Für mich stellt sich eine weitreichende Frage:
Die regionale und fach- bzw. aufgabenbezogene Struktur der Polizei (PSR 2007) wurde stabsmäßig über einen längeren Zeitraum von einer Projektorganisation erfolgreich geplant und umgesetzt; die Ebenen bzw. Hierarchiestruktur mit ebenso gewichtigen Auswirkungen für die Polizei im „dunklen Kämmerlein“? Personalentwicklung muss strukturell und perspektivisch betrieben werden und ich vertraue darauf, dass die Rahmenbedingungen durch die Laufbahnverordnung der Polizei optimal und kompatibel getroffen worden sind.
Polizeistruktur und ihre Auswirkung auf die Binnenmotivation
In der Zeit nach der Umsetzung der Polizeistrukturreform machte sich ein menschliches Phlegma deutlich: Der Mensch sucht nach einfachen Lösungen und Ursachen und die latente Demotivation bekam einen neuen Namen: - Polizeistrukturreform -.
Ich war selber an der Erarbeitung im Rahmen der Projektorganisation beteiligt und ich bin der Überzeugung, dass das Ergebnis auch praxistauglich ist.
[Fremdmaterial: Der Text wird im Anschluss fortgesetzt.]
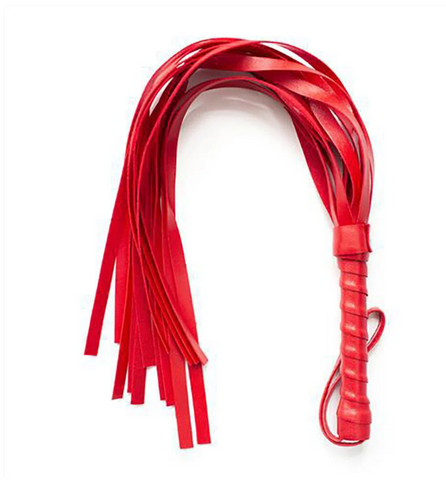 Frusta a frange Squash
Nicht nur wir Vorgesetzte sind nunmehr in der Pflicht, die Struktur, bei allen Hürden, mit Leben zu erfüllen. Wenn ich von Struktur schreibe, dann meine ich auch die Organisation. Eine Organisation ist nichts statisches, sondern muss mit viel Fingerspitzengefühl am Leben gehalten und auch am (Alltags)Leben ausgerichtet sein. Beides verbindet sich zu einer lebenden Organisation, die sich täglich den Erfordernissen stellen muss. Bereits jetzt, zwei Jahre nach der strukturellen und regionalen Neuausrichtung der Polizei, erscheinen Teilbereiche wie Flickenteppiche und meine Eingangsbemerkungen deuten daraufhin, dass eine Strukturreform nur ein ständig andauernder Prozess sein kann. Mit der auf 2020 ausgerichteten Polizeistärke wird die derzeitige Struktur den daraus resultierenden Erfordernissen nicht mehr standhalten können. Es wird meines Erachtens kein Weg mehr an regionalen, über die kommunalen Grenzen hinaus zuständigen Zentraldienststellen vorbeigehen.
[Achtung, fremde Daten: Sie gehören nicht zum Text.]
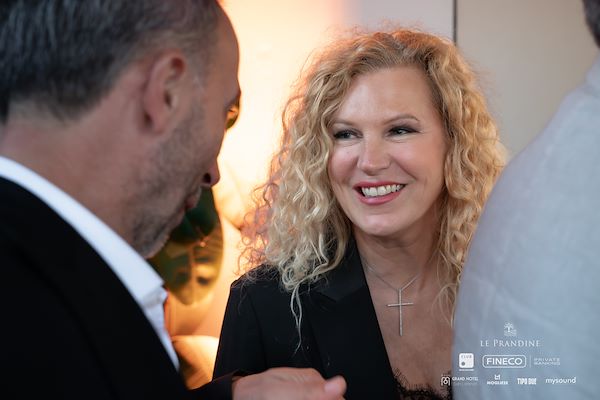 The Prandines. FinecoBank - 3rd The Pleasure of Excellence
Zusammenfassend steht uns eine ereignisreiche Zeit bevor, in der es gilt, neue Wege zu beschreiten. Unser Personal ist nicht nur unser Kapital, sondern es verfügt auch über Kapital. Wir alle sind gefordert, dieses Kapital zu unterstützen und zu nutzen. Mir ist die polizeiliche Führungsspitze des Ministeriums des Innern persönlich bekannt und ich bin der festen Überzeugung, dass wir dort in guten Händen sind. Wir alle sind Polizei, bringen Sie sich mit ein, fordern und gestalten Sie! Vertrauen Sie nicht den Marktschreiern, die selbst keine Lösungsvorschläge haben!
Ich habe bewusst auf Zitate und Fremdquellen verzichtet, möchte aber zum Schluss einen treffenden Auszug aus „Das Pinguin-Prinzip“ präsentieren:
Wenn genügend Vögel und Küken einer Kolonie über alle Hierarchieebenen hinweg in Bezug auf Veränderungen alle gleichermaßen im Bilde sind und am gleichen Strang ziehen, kann trotz widriger Umstände wahrlich Erstaunliches geschehen!
Menschen können (bisweilen) sogar noch klüger sein als Pinguine.